Tout au long de l’exécution, on assiste à l’extraction d’une centaine de cadavres par les agents d’une organisation internationale (le Haut Commissariat des Nations Unies pour les Réfugiés, si l’on en croit le sigle qui figure sur les camionnettes présentes sur le plateau). Par le travail pénible et minutieux de ces agents, les morts vont gagner la possibilité de passer de la masse indistincte des vaincus de l’histoire à la dignité de l’individu. Chacun aura son linceul, chacun aura son étiquette. En individualisant ces corps, on leur rend leur statut de personne, jusque-là nié. En les identifiant, dans un premier temps par un numéro, on rend possible la recherche de ce qui permettra une véritable mémoire des morts : leurs noms.
À la fin de l’opération, une femme continue de creuser encore car l’histoire ne sera jamais pleinement rachetée. On pense à ces femmes qui, dans le désert d’Atacama, au Chili, cherchent inlassablement leurs morts tandis que des astronomes observent le ciel. Chacun cherche à rendre compte du passé, tantôt individuellement, tantôt cosmiquement. Dans son somptueux documentaire Nostalgia de la luz, Patricio Guzmán se fait chroniqueur : « Le chroniqueur qui narre les événements, sans distinction entre les grands et les petits, tient compte, ce faisant, de la vérité que voici : de tout ce qui jamais advint, rien ne doit être considéré comme perdu pour l’Histoire » (Thèse III). La mise en scène/installation de Romeo Castellucci ne narre pas un évènement identifiable. Il s’agit, en dernière instance, d’une réflexion sur un geste : exhumer, prendre soin.
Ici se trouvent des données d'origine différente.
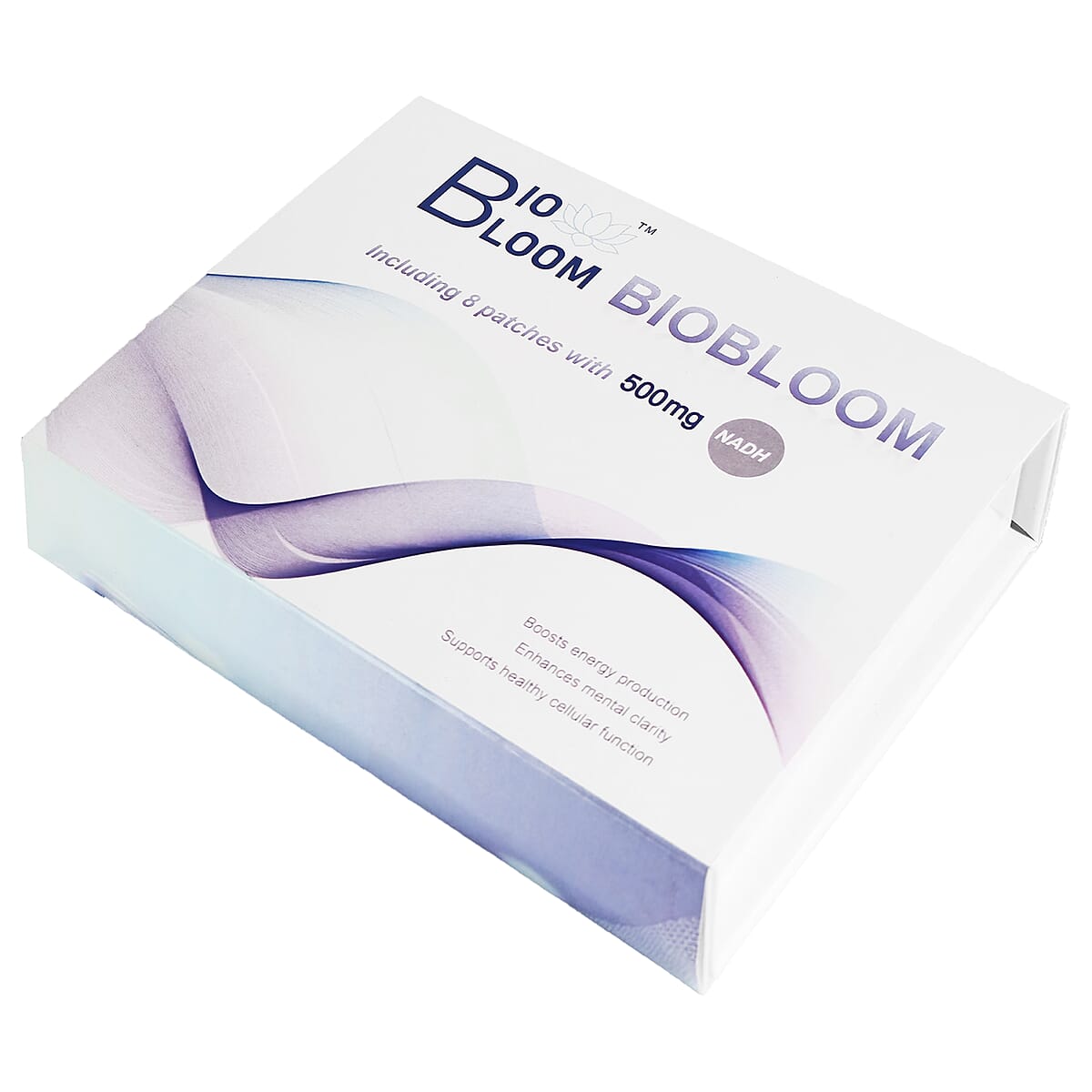 Biobloom Inc NADH+B12 500mg Supplemental Patches (8 Patches) image number 3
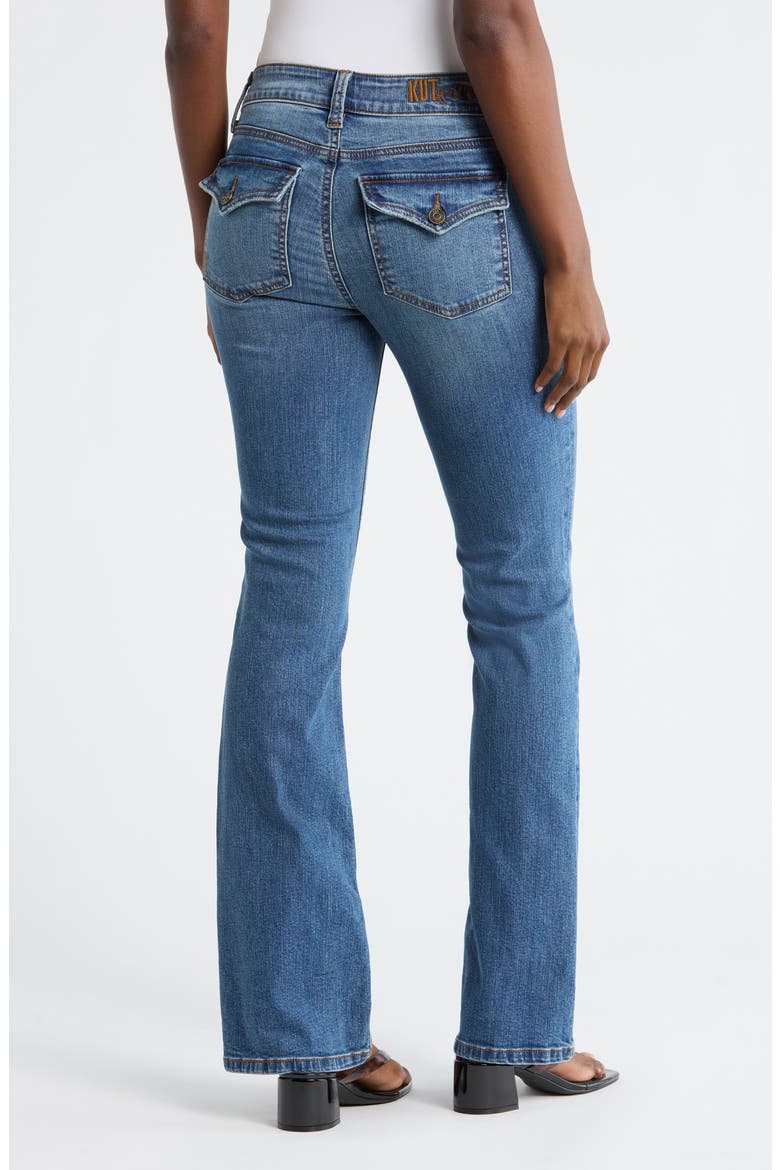 Nicole Bootcut Jeans, Alternate, color, HEATH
Reste que ce geste porte en lui l’histoire toute entière. C’est le Chili de Pinochet, c’est la Shoah, c’est l’ex-Yougoslavie, c’est la Syrie, c’est la Méditerranée, ce sont les enfants de Tuam. Alors que le dispositif a été pensé bien avant la guerre en Ukraine, c’est Marioupol et Boutcha. La catastrophe n’est pas l’exception. L’histoire toute entière est le charnier des vaincus.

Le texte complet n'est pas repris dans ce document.